By placing repetition at the centre of his compositional technique, Debord makes what he shows us possible again, or rather he opens up a zone of undecidability between the real and the possible. When he shows an excerpt of a TV news broadcast, the force of the repetition is to cease being an accomplished fact and to become possible again, so to speak. You ask, “How was that possible?”— first reaction—but at the same time you understand that yes, everything is possible. Hannah Arendt once defined the ultimate experience of the camps as the principle of “everything is possible,” even the horror we are now being shown. It is in this extreme sense that repetition restores possibility.

The second element, the second transcendental, is stoppage. It is the power to interrupt, the “revolutionary interruption” of which Benjamin spoke. It is very important in cinema, but once again, not only in cinema. This is where the difference lies between cinema and narrative, the prose narrative with which cinema tends to be compared. On the contrary, stoppage shows us that cinema is closer to poetry than to prose. The theorists of literature have always had a great deal of trouble defining the difference between poetry and prose. Many elements that characterize poetry can also pass over into prose (from the viewpoint of the number of syllables, for example, prose can contain verse). The only things that can be done in poetry and not in prose are the caesura and the enjambment (that is, the carryover to a following line). The poet can counter a syntactic limit with an acoustic and metrical limit. This limit is not only a pause; it is a noncoincidence, a disjunction between sound and meaning. This is what Paul Valery meant in his very beautiful definition of the poem: “the poem, a prolonged hesitation between sound and meaning.” This is also why Holderlin could say that by stopping the rhythmic unfolding of words and representations, the caesura causes the word and the representation to appear as such. To bring the word to a stop is to pull it out of the flux of meaning, to exhibit it as such. The same could be said of the stoppage practiced by Debord, stoppage as constitutive of a transcendental condition of montage.
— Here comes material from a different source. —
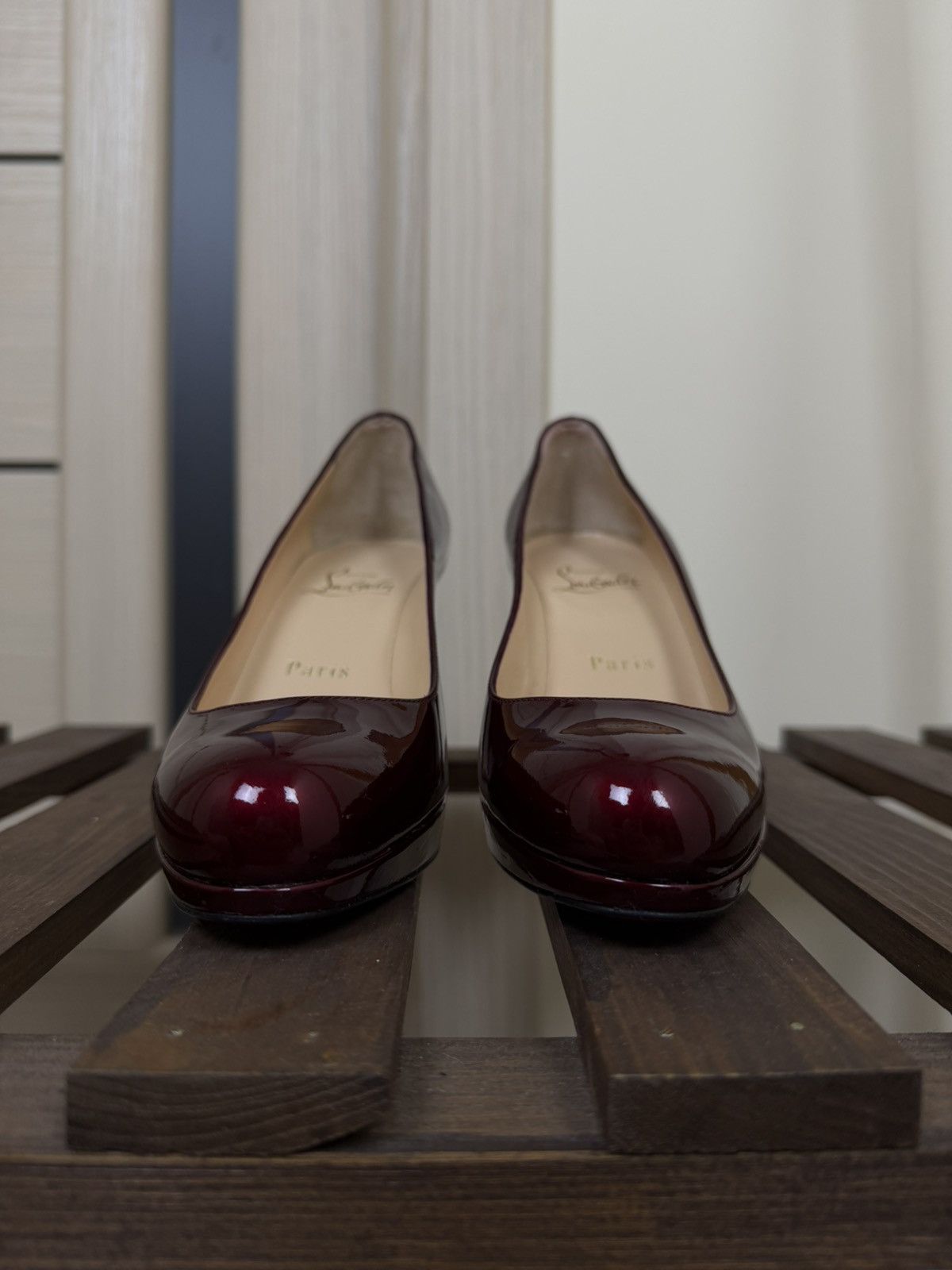 Christian Louboutin Christian Louboutin New Simple Pump Heels Rouge Red Patent Size US 5 / IT 35 - 9 Thumbnail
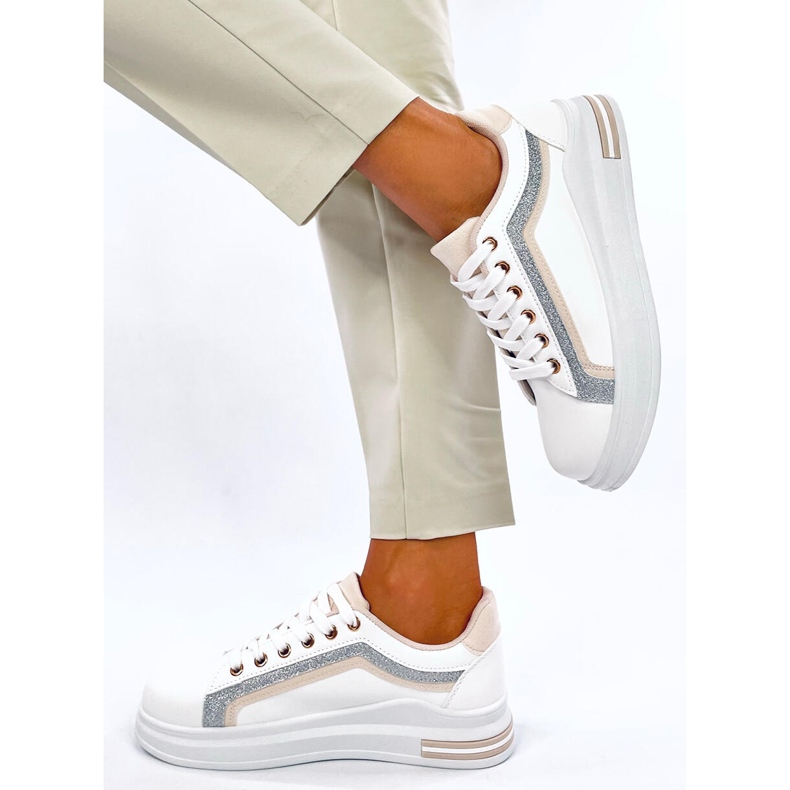 Tênis feminino Ateer Bege 2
One could return to Valery’s definition of poetry and say that cinema, or at least a certain kind of cinema, is a prolonged hesitation between image and meaning. It is not merely a matter of a chronological pause, but rather a power of stoppage that works on the image itself, that pulls it away from the narrative power to exhibit it as such. It is in this sense that Debord in his films and Godard in his Histoire(s) both work with the power of stoppage.
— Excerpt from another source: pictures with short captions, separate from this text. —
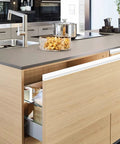 Concealed Cupboard Handles G Type Kitchen Pulls For Cabinets And Wardrobes In White Aluminum Low Profile Drawer Installation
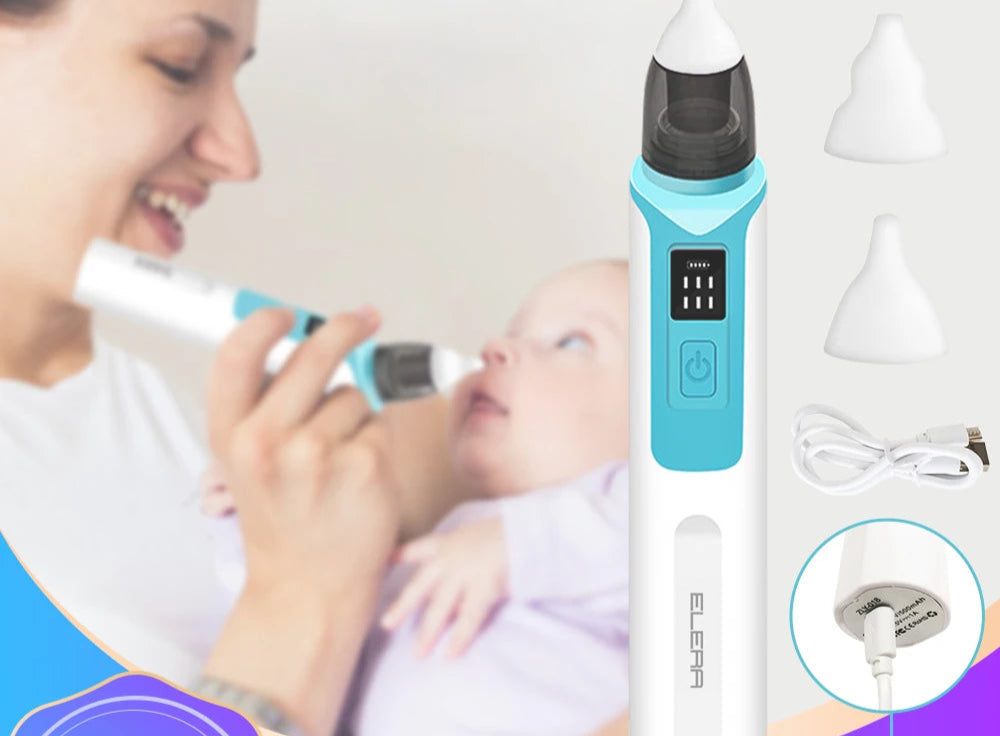 Aspirateur Nasal Électrique pour bébé • Collection Nali Care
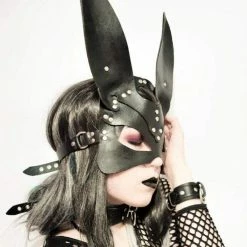 Kinky Cloth BDSM Bunny Double Layer Face Mask
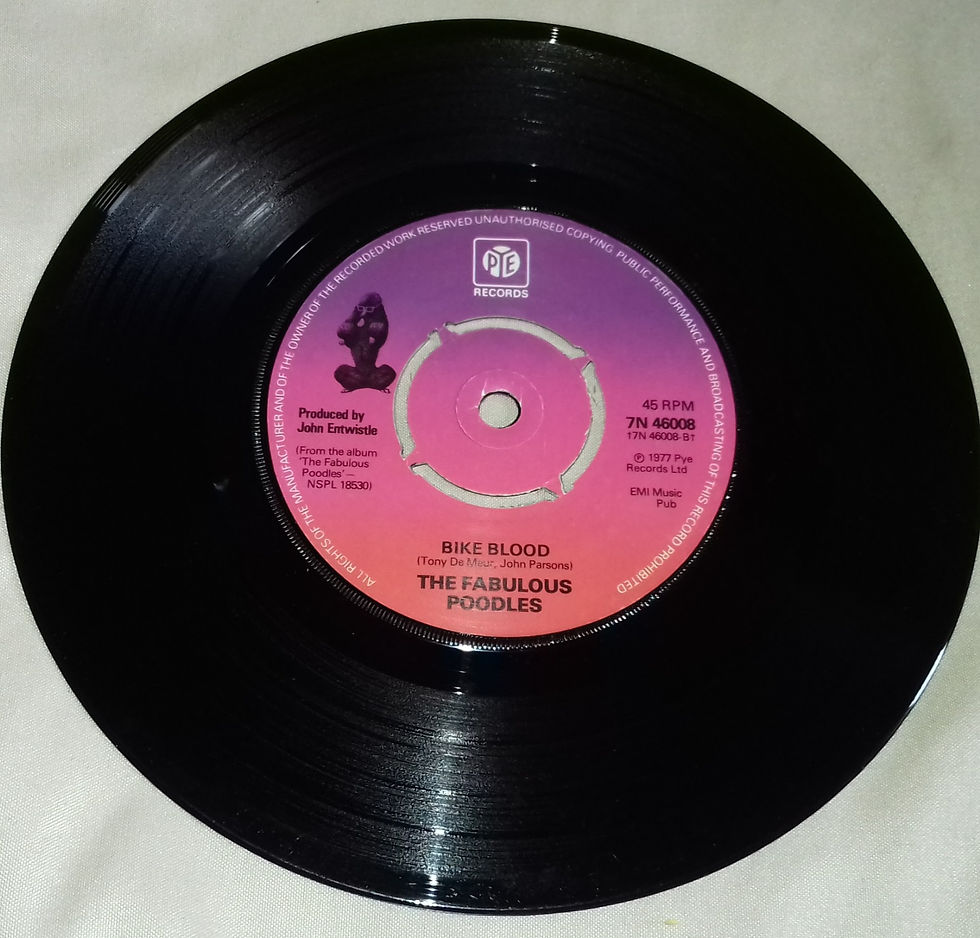Miniaturbild: Fabulous Poodles - When The Summer's Thru' b/w Bike Blood (7", Single, Pus) (Pye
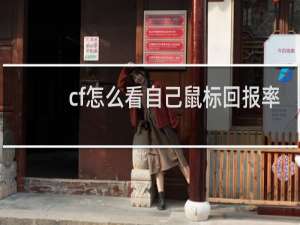 cf怎么看自己鼠标回报率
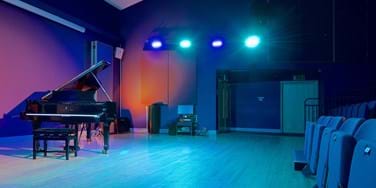 Performance room with grand piano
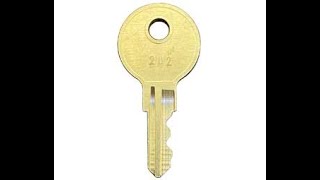 ASI HL 202 Replacement Key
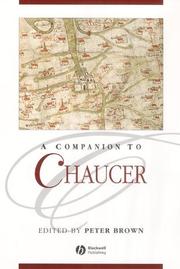 Cover of: A companion to Chaucer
These two transcendental conditions can never be separated, they form a single system. In Debord’s last film there is a very important sentence right at the beginning: “I have shown that the cinema can be reduced to this white screen, then this black screen.” What Debord refers to is precisely repetition and stop page, which are indissoluble as transcendental conditions of montage. Black and white, the ground where the images are so present that they can no longer be seen, and the void where there is no image. There are analogies here with Debord’s theoretical work. Take, for example, the concept of “constructed situation,” which gave its name to situationism. A situation is a zone of undecidability, of indifference between a uniqueness and a repetition. When Debord says we should construct situations, he is always referring to something that can be repeated and yet is also unique.

Debord says the same thing at the close of ln girum imus nocte et consumimur igni, where instead of the traditional word “End” there appears the sentence “To be taken up again from the beginning.” The same principle is at work in the very title of the film, which is a palindrome that can be read both ways. A sentence that curls back into itself. In this sense, there is a kind of essential palindromy in Debord’s cinema.
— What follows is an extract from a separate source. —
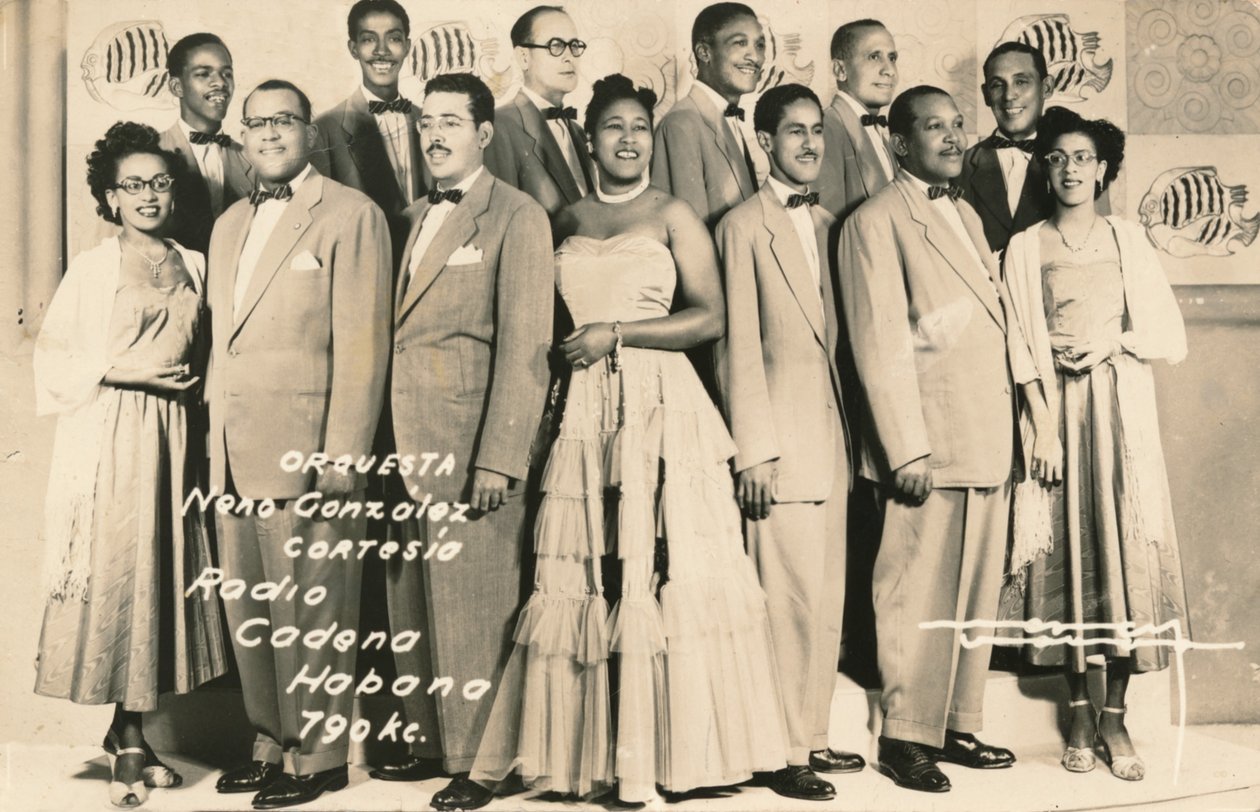 オーケストラ：Neno Gonzalez Cortesia-Radio Cadena Habana、c1910 作： 不明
Together, repetition and stoppage carry out the messianic task of cinema I have described. This task essentially involves creation. But it is not a new creation after the first. One cannot consider the artist’s work uniquely in terms of creation; on the contrary, at the heart of every creative act there is an act of decreation. Deleuze once said of cinema that every act of creation is also an act of resistance. What does it mean to resist? Above all it means de-creating what exists, de-creating the real, being stronger than the fact in front of you. Every act of creation is also an act of thought, and an act of thought is a creative act, because it is defined above all by its capacity to de-create the real.

If such is the task of cinema, what is an image that has been worked on in this way, by repetition and stoppage? What is it that changes in the status of the image? We will have to rethink entirely our traditional conception of expression. The current concept of expression is dominated by the Hegelian model, in which all expression is realized by a medium—an image, a word, or a colour— which in the end must disappear in the fully realized expression. The expressive act is fulfilled when the means, the medium, is no longer perceived as such. The medium must disappear in that which it gives us to see, in the absolute that shows itself, that shines forth in the medium. On the contrary, the image worked by repetition and stoppage is a means, a medium, that does not disappear in what it makes visible. It is what I would call a “pure means,” one that shows itself as such. The image gives itself to be seen instead of disappearing in what it makes visible. Historians of the cinema have noted, as a disconcerting novelty, the moment when the main character of Bergman’s film Monika, Harriet Andersson, suddenly stares directly into the lens of the camera. Bergman himself has written of this sequence: “Here, and for the first time in the history of cinema, a direct, shameless contact is established with the viewer.” Since then, pornography and advertising have made this procedure banal. We are accustomed to the gaze of the porno star who stares fixedly into the camera while doing what she has to do, as a way of showing that she is more interested in the viewer than in her partner.

Since his early films and ever more clearly as he went along, Debord has shown us the image as such, that is to say, according to one of his principles from The Society of the Spectacle, the image as a zone of undecidability between the true and the false. But there are two ways of showing an image. The image exhibited as such is no longer an image of anything; it is itself imageless. The only thing of which one cannot make an image is, if you will, the being-image of the image. The sign can signify anything, except the fact that it is in the process of signifying. What cannot be signified or said in a discourse, what is in a certain way unutterable, can nonetheless be shown in the discourse. There are two ways of showing this “imagelessness,” two ways of making visible the fact that there is nothing more to be seen. One is pornography and advertising, which act as though there were always something more to be seen, always more images behind the images; while the other way is to exhibit the image as image and thus to allow the appearance of “imagelessness,” which, as Benjamin said, is the refuge of all images. It is here, in this difference, that the ethics and the politics of cinema come into play.